1-Examples are solely for benchmarking the theory

The authors Leonardo da Silva Souza and Fernando Iemini derive in their draft with the title ''Lindbladian reverse engineering for general non-equilibrium steady states: A scalable null-space approach'' a method to calculate the coefficients scaling predefined Hamiltonian terms and jump operators that evolve a quantum system into a given stationary state. The method is quite general and assumes time evolution of density operators with Lindblad master equations. The authors demonstrate that finding the coefficients require to solve a linear system of L x K^2 dimension where L is the number of Hamiltonian terms and K the number of jump operators. They apply this approach to harmonic oscillators where they predict how to generate coherent and squeezed states and to a collective spin model.

My personal opinion is that this draft is very interesting and the method that the authors apply can be useful for many different disciplines working with open quantum systems.
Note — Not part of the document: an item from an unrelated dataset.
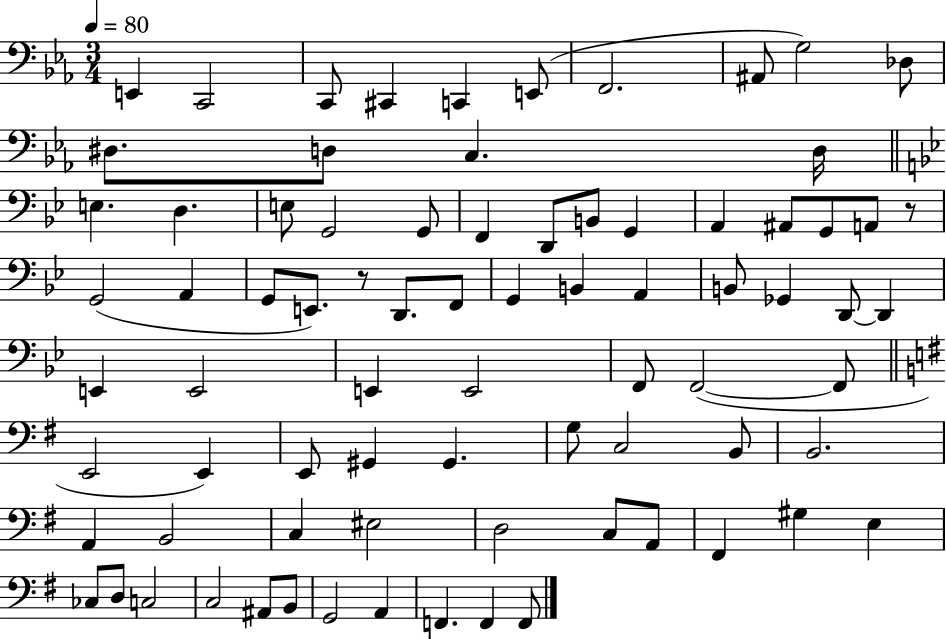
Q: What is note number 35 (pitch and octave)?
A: B2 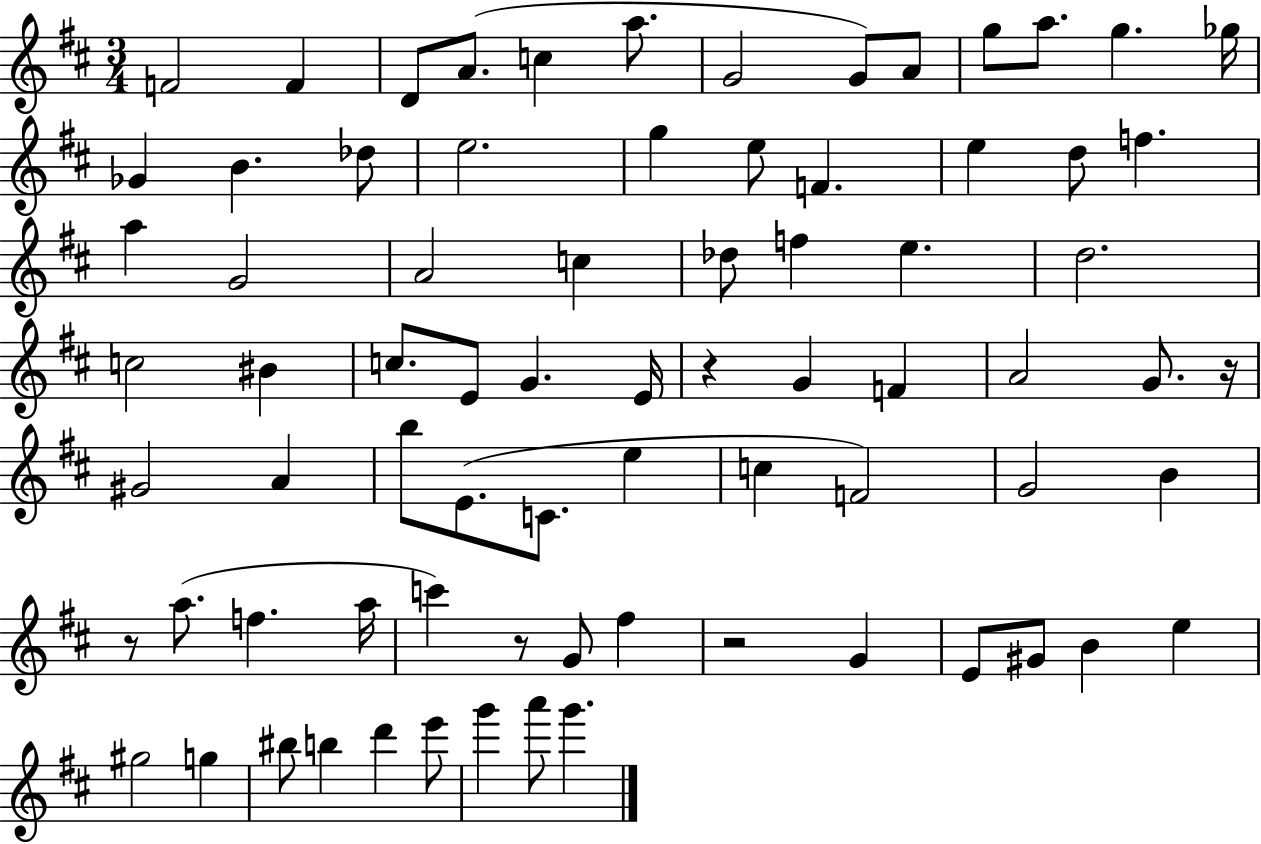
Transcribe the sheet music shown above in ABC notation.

With this I argue that this draft is potentially suitable for SciPost Physics. The biggest weakness of this draft are the examples and before I come to several minor criticims I would like the authors to address this major point.

Major: I would have expected that the authors use their developed method to derive new results but for some reason the authors only discuss examples which, I would say, only benchmark their theory. While this is definitely a good check, I would appreciate if the authors could add one new example. Alternatively, I would also be happy if the authors could at least clarify what are the new insights that one gains from these known examples.

Minor:

(i) This is maybe because of my ignorance: it took me a while to understand that the steady state but also the hermitian and jump operators are given. Could the authors clarify this before Eq. (4), where you write the steady state is known. Maybe just add there that also the hermitian and jump operators are know. I guess in an experiment this would mean you have a certain but possibly not full control over the system. Maybe the authors could comment?

(ii) The authors write: ''This function computes roughly the norm [...]'' Why roughly?

(iii) I believe the challenge in the authors' method, which is basically captured by Eq.(9), is the calculation of the elements of the matrix M. This would in general require to calculate complicated operator products. Can the authors comment on this? How does one calculate M for a more general situation where one cannot rely on analytical results as in the examples.

(iv) I did not understand the comment on ''to explore non-Markovian maps''. What does this approach have to do with non-markovian maps? Why is that relevant and how does it connect to the non-positivity of gamma?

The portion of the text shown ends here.